I'll start off this week with mostly background and introductions. My name is Sean Michael. I've done some writing for HogsHaven in the past as part of a draft profile series but my passion is writing columns, or broadcasting if we can figure out how to Skype into the audible. I'm from the DC area, my parents still live in Gaithersburg, and was put on the season ticket waiting list before my first birthday. I had season tickets with my dad from when Jack Kent Cook Stadium (now FedEx Field) was opened until around 2008. We have decades of memories, mostly of the Redskins losing, but football and my dad shaped my life and I wouldn't trade those memories for anything.

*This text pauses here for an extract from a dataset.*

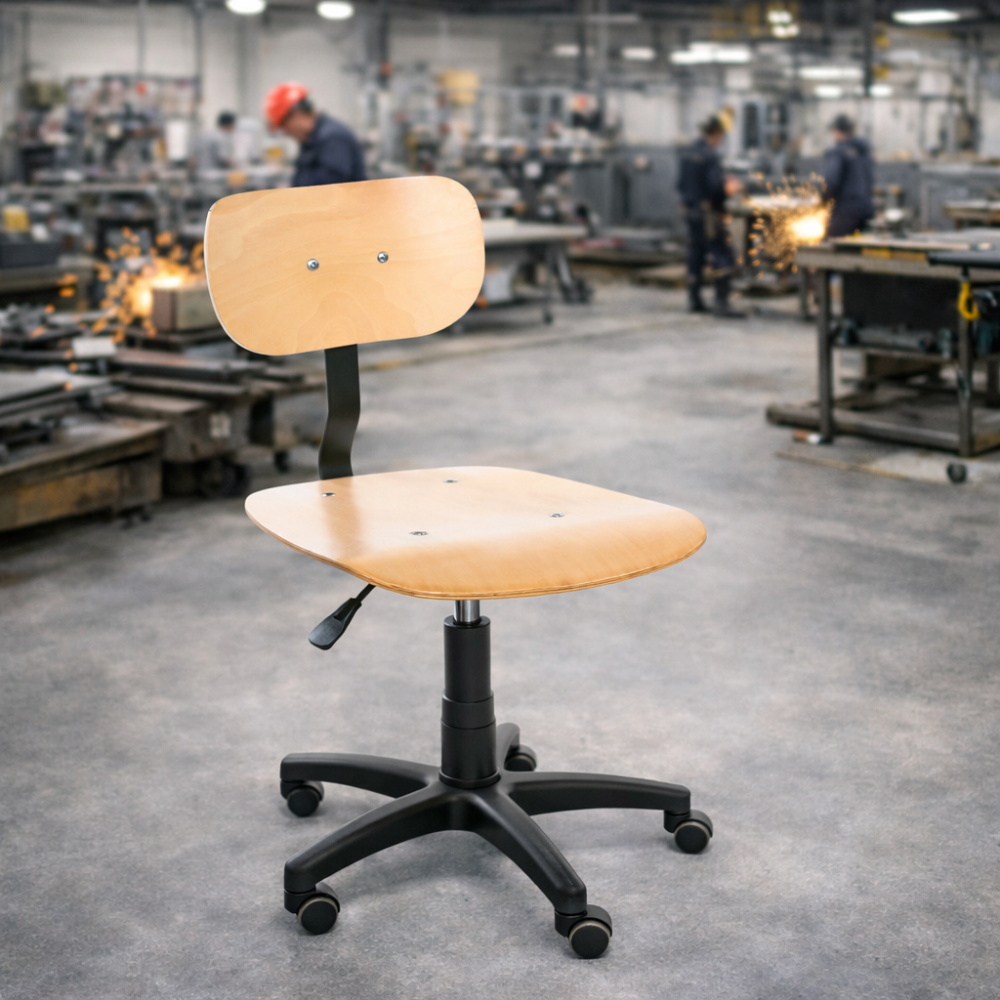 Krzesło warsztatowe ze sklejki lakierowanej na kółkach ErgoPlus 02 WH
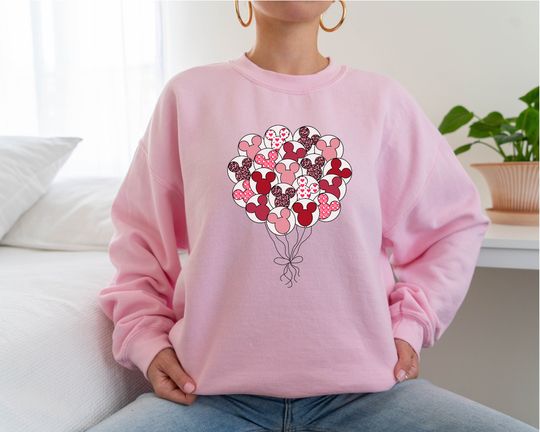 Disney Valentines Day Balloons Sweatshirt, Mickey Balloon, Disney Balloon Valentine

I moved to the UK in 2014 to study broadcast journalism. I was at the University of Maryland before moving but my lovely fiancé is English so I made the hop across the pond. We're getting married at the end of this July and she's even agreed to take photos where she's the quarterback and my teammates and I are the linemen. She's actually a big reason I decided to play football at university at all.
Now is where we get to jump into the whole football in the UK thing. I play right tackle for the Nottingham Trent University Renegades. I also am part of their media team and run the team website (yay for the cheeky plug!). I'll have more on the structure of football in the UK in another article but I figured why not brag a bit actually playing the sport I love so much.
Before I get to the meat of the article, a few quick points about the UK. I don't know Mark Bullock, I haven't met Robin Hood, vinegar on fries is actually pretty tasty, and when you come to England make sure to bring your own root beer and ranch dressing, they're very hard to find here.
So now for some actual substance. Picking a team from thousands of miles away.
My dad is from Wisconsin. He moved from the Midwest to the DC area over 35 years ago. Back then there was no Redzone channel, no Slingbox, no NFL Sunday Ticket. In fact, there weren't even out of market games on television except for primetime games like Monday Night Football. When my dad moved to DC he decided to watch and root for the Redskins. He was pretty lucky as the year he moved there was the first season that Joe Gibss coached the Skins. So my dad got a new team to fall in love with and passed that love onto me. He kept the Packers as well (there haven't been many decades where one of his teams wasn't great the lucky man) but he added a team when he moved.
The world is different now. I watch local games through a Slingbox from Nottingham England. People can watch whoever they want from wherever they want. That means that a lot of people don't change their allegiance to teams when they move. Some Rams fans may find another team but in reality it wouldn't be that hard for them to keep following the Rams in LA. I mean come on, you know the NFL is gonna put them front and center.
The landscape of picking a team in the UK is actually an interesting mix of those two situations. With no permanent team here fans have of the NFL have to find something to attach themselves to. Tons of fans here haven't been to the US or if they have, don't call a particular city home. Many of my friends picked a team by basically luck. They decided to go to a game in London or watch one on TV and decided they were going to adopt whichever team won or they liked. It may seem like a weird system but they have to pick somehow right?
I can't say this is how every fan in the UK picked a favorite team but it's certainly the type of story I've heard the most. It's pretty interesting to see who attached to which team. It's been pointed out that every NFL game in London has gear from every NFL team and based on my time over here that seems like it'll hold true for a long time.
Another approach that some people take is the favorite player approach. I have a friend who loves Cam Newton but is also a fan of other players. This is closer to what some NBA fans are like in the US. They love the game and follow certain players. They may also have a favorite team but they're more into the game as a whole.
Watching games here is still a bit like when my dad moved unless you have the right equipment. But many fans I know find ways to watch their favorite teams from thousands of miles away. Many of my teammates are just as diehard football fans as anyone reading this. I'd almost say that being an American Football fan, player, or coach in the UK concentrates your love for the sport. To watch it you really have to care about it because you either have to go to a place that has games on, pay for an online pass, or have equipment that lets you watch games. You usually can't just turn a TV on Sunday afternoon (night here actually) and watch multiple NFL games. Even if you can, your TV provider may not have the variety of games you are looking for.
I can only speak for my experience with the NFL and football here and don't want to assume everyone has had the same experience but overall I've found that fans of football here are a special group. They like a sport they have to go out of their way to follow and are loyal to teams and or players. I've found that while it's different to hear everyone around me talk about Euroleague and soccer, that being in this environment has helped me appreciate how special it is to have friends that love the same sport as you.